# Teaching English in Mexico



## brunoeca23 (Jan 3, 2019)

Hello , I Moved to mexico awhile back , I'm looking to find a job as a English Teacher, I been getting different requirements, How can I Start I have my paperwork and degree's with me , I been told that I need to take An equivalency test, Others say I need to take TOEFL 

If anyone can Help me out I greatly appreciate it


----------



## Isla Verde (Oct 19, 2011)

brunoeca23 said:


> Hello , I Moved to mexico awhile back , I'm looking to find a job as a English Teacher, I been getting different requirements, How can I Start I have my paperwork and degree's with me , I been told that I need to take An equivalency test, Others say I need to take TOEFL
> 
> If anyone can Help me out I greatly appreciate it


To begin to answer your questions, it would be useful to know what sort of residence visa you currently hold.


----------



## brunoeca23 (Jan 3, 2019)

Dual citizenship US-MEX


----------



## Isla Verde (Oct 19, 2011)

brunoeca23 said:


> Dual citizenship US-MEX


Then you don't need permission to work in Mexico if you are a Mexican citizen. Do you have any teaching experience? Being a native speaker of English is not enough, of course. Do you want to work for a language institute or free-lance?


----------



## brunoeca23 (Jan 3, 2019)

Isla Verde said:


> Then you don't need permission to work in Mexico if you are a Mexican citizen. Do you have any teaching experience?

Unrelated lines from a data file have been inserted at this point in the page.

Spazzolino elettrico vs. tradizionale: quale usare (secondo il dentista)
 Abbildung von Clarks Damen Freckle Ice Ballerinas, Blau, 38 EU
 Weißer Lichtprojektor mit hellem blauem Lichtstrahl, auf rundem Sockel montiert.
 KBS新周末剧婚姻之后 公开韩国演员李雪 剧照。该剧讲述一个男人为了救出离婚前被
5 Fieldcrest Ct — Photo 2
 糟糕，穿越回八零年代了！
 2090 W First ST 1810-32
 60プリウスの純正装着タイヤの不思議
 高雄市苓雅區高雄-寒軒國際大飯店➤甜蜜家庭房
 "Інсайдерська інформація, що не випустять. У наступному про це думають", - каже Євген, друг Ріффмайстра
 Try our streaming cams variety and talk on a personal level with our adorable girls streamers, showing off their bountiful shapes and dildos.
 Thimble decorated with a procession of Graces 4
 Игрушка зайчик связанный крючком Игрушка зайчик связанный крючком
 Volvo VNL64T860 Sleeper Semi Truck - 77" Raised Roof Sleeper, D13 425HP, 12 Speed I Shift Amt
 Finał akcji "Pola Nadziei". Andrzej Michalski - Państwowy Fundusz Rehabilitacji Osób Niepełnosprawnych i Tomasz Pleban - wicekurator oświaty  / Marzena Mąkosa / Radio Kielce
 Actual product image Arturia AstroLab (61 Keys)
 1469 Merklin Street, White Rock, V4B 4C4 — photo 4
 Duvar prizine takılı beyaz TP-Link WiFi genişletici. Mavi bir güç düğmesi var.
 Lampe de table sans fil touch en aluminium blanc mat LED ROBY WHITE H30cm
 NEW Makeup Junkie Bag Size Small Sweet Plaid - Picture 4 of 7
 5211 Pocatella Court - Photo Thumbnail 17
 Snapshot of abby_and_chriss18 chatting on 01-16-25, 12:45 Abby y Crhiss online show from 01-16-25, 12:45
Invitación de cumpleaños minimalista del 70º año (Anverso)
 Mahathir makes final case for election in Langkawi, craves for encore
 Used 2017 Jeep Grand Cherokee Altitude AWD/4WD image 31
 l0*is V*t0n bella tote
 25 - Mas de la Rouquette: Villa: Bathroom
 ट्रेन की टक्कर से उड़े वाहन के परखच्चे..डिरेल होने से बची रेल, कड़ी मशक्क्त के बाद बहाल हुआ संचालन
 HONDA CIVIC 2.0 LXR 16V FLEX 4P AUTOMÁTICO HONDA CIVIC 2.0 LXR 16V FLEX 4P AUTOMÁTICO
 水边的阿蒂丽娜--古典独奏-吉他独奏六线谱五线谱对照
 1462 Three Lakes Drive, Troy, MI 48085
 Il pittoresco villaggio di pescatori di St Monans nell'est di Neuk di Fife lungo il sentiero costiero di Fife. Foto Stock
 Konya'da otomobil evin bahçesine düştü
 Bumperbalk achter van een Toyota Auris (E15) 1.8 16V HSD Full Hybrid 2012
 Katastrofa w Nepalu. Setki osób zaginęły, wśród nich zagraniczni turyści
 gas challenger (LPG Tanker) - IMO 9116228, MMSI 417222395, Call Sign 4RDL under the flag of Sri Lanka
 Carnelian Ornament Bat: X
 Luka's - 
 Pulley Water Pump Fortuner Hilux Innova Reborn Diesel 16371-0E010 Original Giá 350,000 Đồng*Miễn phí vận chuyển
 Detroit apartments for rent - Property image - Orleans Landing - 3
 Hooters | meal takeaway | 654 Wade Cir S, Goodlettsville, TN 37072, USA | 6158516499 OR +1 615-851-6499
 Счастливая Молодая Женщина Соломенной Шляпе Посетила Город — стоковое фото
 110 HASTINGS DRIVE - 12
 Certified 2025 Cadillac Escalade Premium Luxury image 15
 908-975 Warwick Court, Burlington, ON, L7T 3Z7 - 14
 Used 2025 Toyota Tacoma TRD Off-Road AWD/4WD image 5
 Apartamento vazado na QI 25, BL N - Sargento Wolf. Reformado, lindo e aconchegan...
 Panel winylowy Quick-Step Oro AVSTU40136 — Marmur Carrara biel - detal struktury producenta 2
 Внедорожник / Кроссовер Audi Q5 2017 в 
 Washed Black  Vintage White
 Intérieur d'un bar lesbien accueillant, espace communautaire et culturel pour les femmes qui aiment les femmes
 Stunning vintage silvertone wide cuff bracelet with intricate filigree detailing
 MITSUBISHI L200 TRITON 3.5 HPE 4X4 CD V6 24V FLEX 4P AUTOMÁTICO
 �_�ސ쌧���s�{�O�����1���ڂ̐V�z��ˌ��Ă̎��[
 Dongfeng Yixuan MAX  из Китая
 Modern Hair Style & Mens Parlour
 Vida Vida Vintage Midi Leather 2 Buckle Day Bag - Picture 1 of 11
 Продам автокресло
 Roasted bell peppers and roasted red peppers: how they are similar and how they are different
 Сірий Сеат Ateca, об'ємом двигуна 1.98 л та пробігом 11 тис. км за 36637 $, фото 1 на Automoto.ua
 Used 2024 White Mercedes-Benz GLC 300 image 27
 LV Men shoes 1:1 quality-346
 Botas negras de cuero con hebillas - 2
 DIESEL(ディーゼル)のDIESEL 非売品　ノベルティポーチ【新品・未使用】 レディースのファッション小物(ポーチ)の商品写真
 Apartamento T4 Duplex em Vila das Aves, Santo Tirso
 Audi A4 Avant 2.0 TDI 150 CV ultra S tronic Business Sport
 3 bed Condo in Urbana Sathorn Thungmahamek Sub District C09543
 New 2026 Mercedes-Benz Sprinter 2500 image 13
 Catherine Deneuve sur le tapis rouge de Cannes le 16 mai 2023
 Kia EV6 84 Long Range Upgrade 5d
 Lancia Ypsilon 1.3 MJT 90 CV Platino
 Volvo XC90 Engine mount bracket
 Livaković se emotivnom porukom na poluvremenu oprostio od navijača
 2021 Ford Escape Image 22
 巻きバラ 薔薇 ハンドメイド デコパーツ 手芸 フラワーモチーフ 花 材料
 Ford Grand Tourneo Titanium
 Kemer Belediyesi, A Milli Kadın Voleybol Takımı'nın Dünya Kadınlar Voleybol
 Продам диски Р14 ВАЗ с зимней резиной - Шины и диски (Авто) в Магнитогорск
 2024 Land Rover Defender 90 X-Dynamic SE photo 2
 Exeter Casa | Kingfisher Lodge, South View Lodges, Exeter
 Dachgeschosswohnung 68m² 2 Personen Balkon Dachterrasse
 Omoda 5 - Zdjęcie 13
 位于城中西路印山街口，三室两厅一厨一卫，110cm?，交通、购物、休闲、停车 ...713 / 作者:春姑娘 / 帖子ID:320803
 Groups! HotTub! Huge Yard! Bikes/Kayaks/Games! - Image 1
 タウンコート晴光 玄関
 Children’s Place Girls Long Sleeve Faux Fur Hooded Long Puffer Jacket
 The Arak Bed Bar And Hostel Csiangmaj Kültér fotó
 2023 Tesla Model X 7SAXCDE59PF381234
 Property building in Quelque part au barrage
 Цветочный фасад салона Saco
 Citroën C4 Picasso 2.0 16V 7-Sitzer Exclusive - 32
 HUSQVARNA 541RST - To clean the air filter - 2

Being a native speaker of English is not enough, of course. Do you want to work for a or free-lance?


I preferably want to work with a language institute if possible , I'm currently doing on side computer repair.


----------



## Isla Verde (Oct 19, 2011)

brunoeca23 said:


> I preferably want to work with a language institute if possible , I'm currently doing on side computer repair.


So I take it you have no experience teaching English. You should contact a few language schools (don't count on the pay being very good) to see if they offer some sort of training for prospective teachers.


----------



## xolo (May 25, 2014)

brunoeca23 said:


> Hello , I Moved to mexico awhile back , I'm looking to find a job as a English Teacher, I been getting different requirements, How can I Start I have my paperwork and degree's with me , I been told that I need to take An equivalency test, Others say I need to take TOEFL
> 
> If anyone can Help me out I greatly appreciate it


Hi bruno, I have found that schools really vary. I've been asked for a CPE score and TOEFL score and also nothing. All of that is kind of funny because those are language proficiency tests and aren't really related to teaching (except they do test your knowledge of grammar). One school wanted me to "visit" the classes (I guess free help?) What degrees do you have? If they are at all related to teaching English maybe that's enough. It really depends on the school. Harmon Hall (big franchise I think) didn't require anything. And as Isla said, don't expect much in the way of pay. Just think about it, how much money could that produce when classes are limited to 10 people. (God, 10 people is a dream, I teach Spanish at a university and the classes are almost always 20 - 25 students).


----------